Task statement:
Where the line containing "Indestructible Work Safety" appears in the records below, begin there and repeat each line exactly through the final one, dropping all pictures.

(Beginning of Data extract)

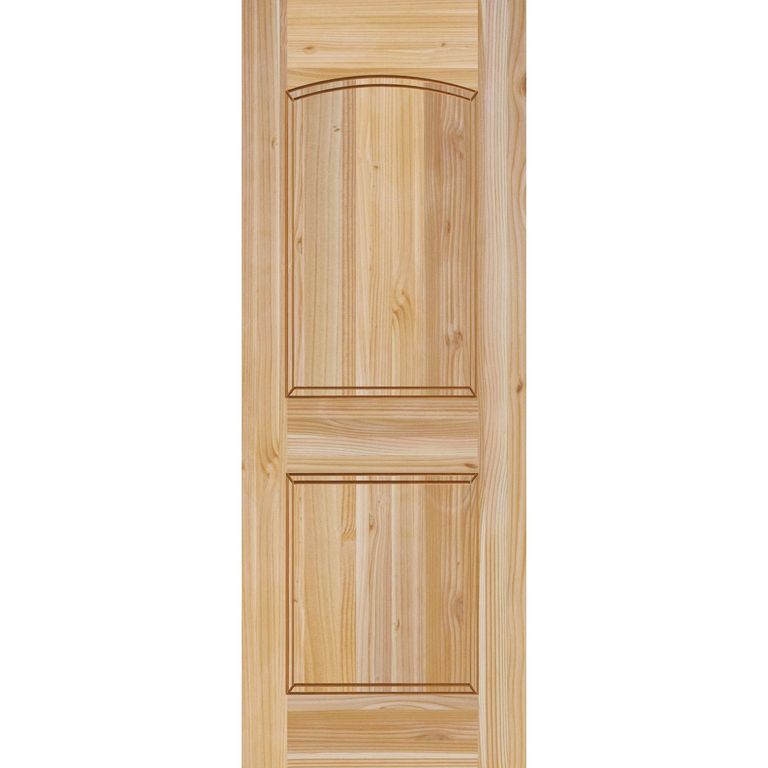 Puerta Exterior Madera pino oregón 80x200 cm Modelo 600 Natural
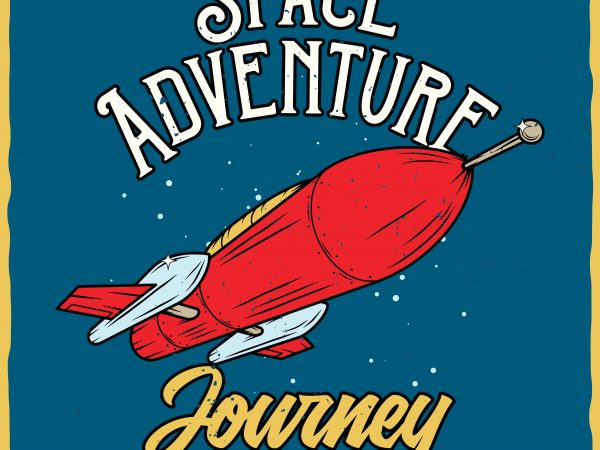 Space adventure. Vector T-Shirt Design Space adventure. Vector T-Shirt Design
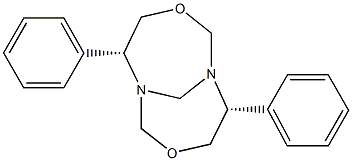 (5R,10R)-5,10-Diphenyl-3,8-dioxa-1,6-diazabicyclo[4.4.1]undecane Struktur
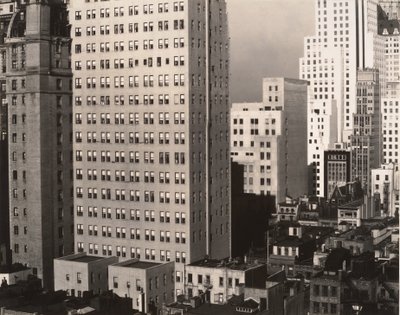 Från mitt fönster på An American Place, North av Alfred Stieglitz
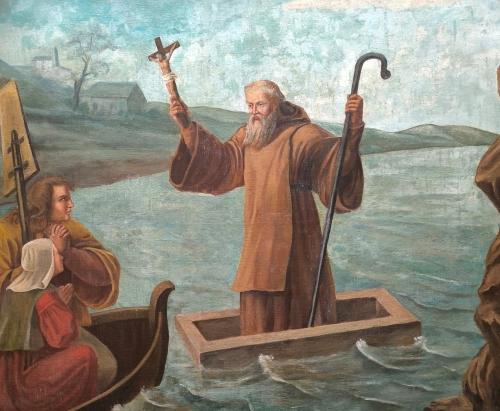 Tableau de Saint Philibert sur son auge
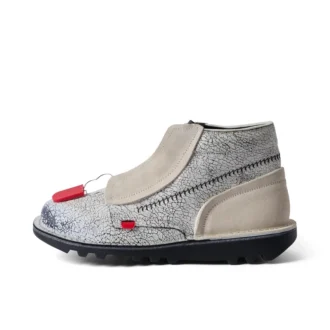 ACW* Kick Hi Lederstiefel für Erwachsene, Unisex, Weiß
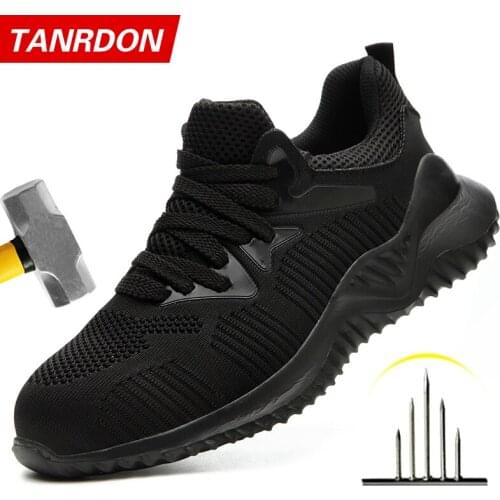 Indestructible Work Safety Boots Men Steel Toe Shoes Safety Shoes Men Work Shoes Puncture-Proof Work Sneakers Security Footwear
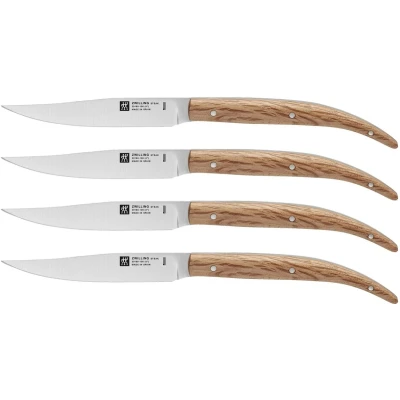 Afbeelding van Zwilling Steakmessenset 11 cm 4 delig Lichtbruin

(End of Data extract)

Solution to the exercise:
 Indestructible Work Safety Boots Men Steel Toe Shoes Safety Shoes Men Work Shoes Puncture-Proof Work Sneakers Security Footwear
 Afbeelding van Zwilling Steakmessenset 11 cm 4 delig Lichtbruin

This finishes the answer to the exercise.